1. 劇中で並行世界(パラレルワールド)の存在が世間的に認知されている
2. その並行世界へ期せずとして、あるいは意図的に移動が行われる
3. それぞれの世界で、異なる相手と運命を共にするラブストーリーが紡がれている
主人公の少年は、離婚した父と母のどちらに着いていくかで、一生ものの恋をする相手も大きく変わっていく。しかも、それぞれで「こことは違う別の世界」、つまり並行世界での「今いる世界とどのように変わったか」をも見せていくのだ。
並行世界そのものがSFファンの心をくすぐる設定であるし、そうでなくても別の選択肢を選んだ後の「IF」を見せていく物語そのものに興味を惹かれる人は多いはずだ。そして、「今とは違う選択をした人生(世界)」に思いを馳せるというのは、実は普遍的なことなのではないか。
その「違う選択をした人生(世界)の物語」を、まさに『僕愛』『君愛』という2つの作品をもって提示してくれることこそに、本作の大きな魅力がある。並行世界を行き来する作劇はやや複雑でもあるが、語り口は理路整然としているので、意識的に頭を使いながら観ることができれば、大きな混乱はないはず。その意味でも、集中できる映画館での鑑賞がおすすめだ。
2:どちらを先に観るかで「余韻」が異なる
さらなる『僕愛』『君愛』の特徴として、どちらを先に観てもOKな構成になっていることが挙げられる。

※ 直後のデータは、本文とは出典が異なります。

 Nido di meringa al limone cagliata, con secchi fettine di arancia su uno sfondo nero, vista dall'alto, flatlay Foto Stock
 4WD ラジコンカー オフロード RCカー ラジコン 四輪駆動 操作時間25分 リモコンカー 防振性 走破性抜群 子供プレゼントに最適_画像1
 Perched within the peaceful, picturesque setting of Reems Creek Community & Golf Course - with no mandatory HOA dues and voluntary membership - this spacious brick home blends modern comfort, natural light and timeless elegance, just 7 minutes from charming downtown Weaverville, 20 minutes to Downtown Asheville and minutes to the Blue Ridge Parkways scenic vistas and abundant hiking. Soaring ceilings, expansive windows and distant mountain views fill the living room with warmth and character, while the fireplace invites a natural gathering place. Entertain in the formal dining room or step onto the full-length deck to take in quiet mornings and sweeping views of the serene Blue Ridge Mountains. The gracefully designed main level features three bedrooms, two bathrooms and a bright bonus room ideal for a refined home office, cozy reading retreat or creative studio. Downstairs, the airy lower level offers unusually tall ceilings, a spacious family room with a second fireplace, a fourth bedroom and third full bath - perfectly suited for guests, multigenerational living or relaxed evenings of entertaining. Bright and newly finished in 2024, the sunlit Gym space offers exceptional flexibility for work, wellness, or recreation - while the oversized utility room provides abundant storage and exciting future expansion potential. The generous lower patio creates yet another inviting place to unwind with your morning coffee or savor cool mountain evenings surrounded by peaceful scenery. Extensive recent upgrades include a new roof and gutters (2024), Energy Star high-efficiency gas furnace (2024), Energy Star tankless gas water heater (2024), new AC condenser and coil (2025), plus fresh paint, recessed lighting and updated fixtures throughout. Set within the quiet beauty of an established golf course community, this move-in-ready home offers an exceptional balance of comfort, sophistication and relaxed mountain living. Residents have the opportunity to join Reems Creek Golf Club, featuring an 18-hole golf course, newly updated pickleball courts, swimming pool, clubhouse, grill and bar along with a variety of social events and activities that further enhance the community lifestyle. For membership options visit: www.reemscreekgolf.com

両者とも予備知識なく観ても、キャラクターや並行世界などの基本情報はわかりやすく語られているのだ。
この2作の物語はそれぞれ独立しており、時系列はどちらが先でどちらが後というわけでもない。複雑に交差し絡み合った物語の「謎」を、2作を観て解き明かすことにも面白さがある、と言っても良いだろう。それぞれの物語の細部の記憶が鮮明なまま観た方が、「あの時のあれはこうだったのか!」という気づきが得られて、より楽しめるはずだ。

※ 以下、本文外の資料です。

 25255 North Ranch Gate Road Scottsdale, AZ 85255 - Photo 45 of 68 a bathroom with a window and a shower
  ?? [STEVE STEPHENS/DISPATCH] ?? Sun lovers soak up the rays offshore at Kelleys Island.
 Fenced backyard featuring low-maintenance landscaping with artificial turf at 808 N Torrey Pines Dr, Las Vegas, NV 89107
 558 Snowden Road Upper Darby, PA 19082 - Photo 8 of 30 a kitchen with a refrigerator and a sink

この2作の物語が独立しているということは、それぞれの物語の結末も必然的に異なるということでもある。本作が「観る(読む)順番によって結末が異なる」と語られているのは伊達ではない。とはいえ、もちろんどちらを先に観ても物語の内容そのものが変わるわけではないので、観る順番によって物語全体の後味、つまりは「余韻」が異なるという言い方のほうが正確ではあるだろう。
そして、これこそが「一度しかない映画体験」ができる理由でもある。どちらを先に観るかによって余韻が完全に変わってくるという、「一度しかない選択」が、劇中の物語とリンクするように、観客にも与えられているのだから。
だからこそ、どちらを先に観れば良いのかと、悩む方もいるだろう。筆者個人は『君愛』→『僕愛』の順で観ることをおすすめしたい。
公式では、切ない物語が好きな方は『僕愛』から、幸せな物語が好きな方は『君愛』から読もう(観よう)という触れ込みがなされており、筆者もそれには同意する。何より、2作それぞれの物語の結末を踏まえたメッセージを鑑みれば、『僕愛』が後のほうが、より深い余韻に浸れると思う。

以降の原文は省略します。